Required action :: Look over the lines below. Report each one that includes the string "open".

Source records:
* * * * *

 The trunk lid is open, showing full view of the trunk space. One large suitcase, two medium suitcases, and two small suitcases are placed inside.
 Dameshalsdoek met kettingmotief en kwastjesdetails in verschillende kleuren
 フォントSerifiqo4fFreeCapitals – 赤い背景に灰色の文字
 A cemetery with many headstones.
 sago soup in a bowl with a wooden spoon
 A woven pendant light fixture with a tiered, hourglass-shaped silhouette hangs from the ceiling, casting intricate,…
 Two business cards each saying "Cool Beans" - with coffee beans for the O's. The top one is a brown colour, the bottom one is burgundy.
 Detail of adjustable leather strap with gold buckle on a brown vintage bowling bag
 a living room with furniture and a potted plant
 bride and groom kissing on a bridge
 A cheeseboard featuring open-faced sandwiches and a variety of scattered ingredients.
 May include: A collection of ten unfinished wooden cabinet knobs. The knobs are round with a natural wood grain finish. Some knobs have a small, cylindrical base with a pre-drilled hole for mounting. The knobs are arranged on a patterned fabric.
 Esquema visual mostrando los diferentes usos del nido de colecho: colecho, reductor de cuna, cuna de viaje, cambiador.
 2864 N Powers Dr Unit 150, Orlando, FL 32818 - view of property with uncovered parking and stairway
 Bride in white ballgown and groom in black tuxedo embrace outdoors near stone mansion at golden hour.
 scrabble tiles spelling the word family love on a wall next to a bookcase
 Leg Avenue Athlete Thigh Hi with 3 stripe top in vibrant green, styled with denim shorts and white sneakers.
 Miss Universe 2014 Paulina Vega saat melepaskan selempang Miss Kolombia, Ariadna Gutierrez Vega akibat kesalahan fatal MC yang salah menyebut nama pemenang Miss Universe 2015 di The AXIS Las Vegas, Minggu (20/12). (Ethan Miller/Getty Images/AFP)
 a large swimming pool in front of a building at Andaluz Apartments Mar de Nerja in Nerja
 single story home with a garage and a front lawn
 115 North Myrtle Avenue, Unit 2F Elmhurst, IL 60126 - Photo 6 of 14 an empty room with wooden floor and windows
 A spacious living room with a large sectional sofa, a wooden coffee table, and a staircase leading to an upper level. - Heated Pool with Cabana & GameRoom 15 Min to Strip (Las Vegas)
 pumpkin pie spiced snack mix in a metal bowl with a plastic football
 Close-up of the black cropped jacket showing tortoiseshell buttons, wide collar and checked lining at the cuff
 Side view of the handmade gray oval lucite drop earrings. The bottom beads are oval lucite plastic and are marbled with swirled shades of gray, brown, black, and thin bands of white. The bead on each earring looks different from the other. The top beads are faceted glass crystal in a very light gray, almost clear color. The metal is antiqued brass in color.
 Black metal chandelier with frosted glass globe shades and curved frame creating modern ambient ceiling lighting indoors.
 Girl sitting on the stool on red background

* * * * *

Solved exercise ::
 The trunk lid is open, showing full view of the trunk space. One large suitcase, two medium suitcases, and two small suitcases are placed inside.
 A cheeseboard featuring open-faced sandwiches and a variety of scattered ingredients.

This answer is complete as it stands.